Feature photo courtesy of Maria Peterson.
In November, junior Hayes Kelchner talked about an injury that forced him away from the basketball court for a significant amount of time. Kelchner did his best to come back stronger after the injury, and a few months later, he found himself summoning his strength once again.
A month and a half ago, Kelchner’s mother suddenly passed away.
“Ever since then,” Kelchner said, “I’ve had … something else in me.”
A few days after his mom passed away, Kelchner spent his spring break in the gym for more than six hours each day.
“The night it happened, [basketball was] the first thing I thought about because she always loved watching me play,” he said.
Over the course of two months, he lost 20 pounds, some of which he admitted was weight he had gained while recovering from injuries.
Upon returning to school, he worked to improve his grades, on top of the ongoing work he continued to put into his game.
“Now I feel like I have to prove everything,” Kelchner said. “I’m giving it everything for her.”
The junior said communication with Yale University has also influenced him to focus on his grades. Though he hasn’t received an offer from Yale, he said the school asked for a copy of his transcript and he spoke with a coach a few months ago.
“[When] they requested my transcript, I was thinking, ‘Oh, God, they probably have all sorts of geniuses[at Yale],’” Kelchner said. “I feel like I’m capable of having those type of grades. It gives me an extra thing to work for.”

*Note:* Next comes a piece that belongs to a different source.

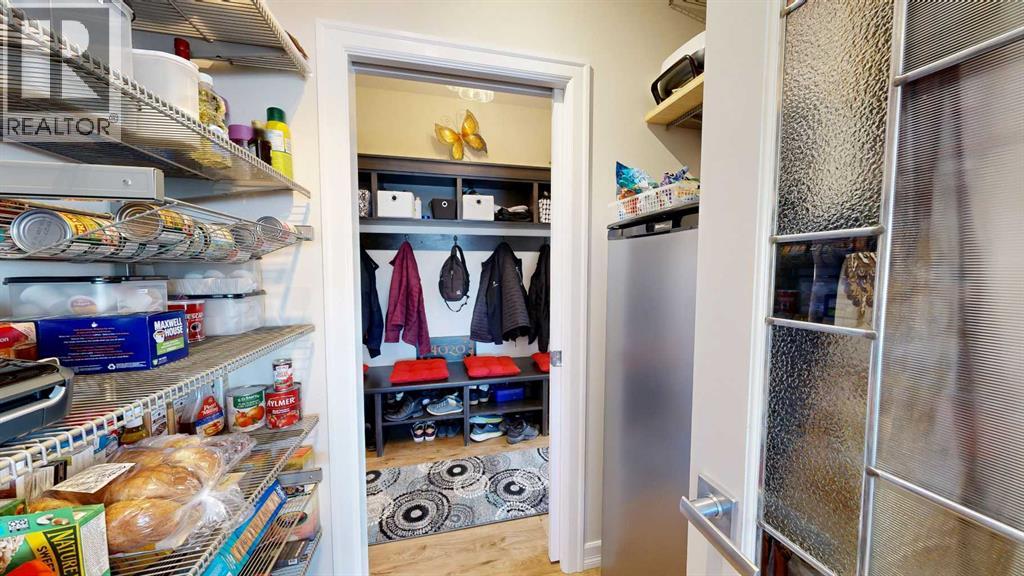 4020 Monarch Way, Stettler, Alberta  T4K 1M4 - Photo 6 - A2283492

With just a few more weeks of the school year to go, Kelchner is looking ahead to the summer. He wants to use the time to lose a few more pounds and gain back some of the speed and strength he may have lost through the winter season’s string of injuries, including a nagging hamstring and a rolled ankle. He also said he wants to focus more sharply on basketball.
“My other years of high school … I wasn’t dedicated,” he said. “But now I’ve definitely got my priorities straightened out. I realized how bad I want [it]. I think I was just kind of saying it for show before. I really mean it now.”
Kelchner said he hopes to get a full-ride scholarship to a college relatively close to his Connecticut home and that he isn’t afraid to put in the work to get there.
“I want to live a successful, easy life,” he said. “Not easy in the sense that everything’s going to be handed to me, [but] easy in the sense that I’m going to pave the way for myself and the rest will follow.”
For now, Kelchner said he will continue to use his mom’s death as motivation both on and off the court.
“If I’m tired or someone’s getting in my head, I’m always going to remember [to] make the most of what I have,” he said. “I still have a life and I can still do a lot with it. It wouldn’t be fair to her if I didn’t make the most of it.
“Turning a tragedy into motivation is my whole thing,” Kelchner said. “I always thought that was an admirable trait when I saw it in other people. I’ve been kind of proud of myself for…making the most of it.”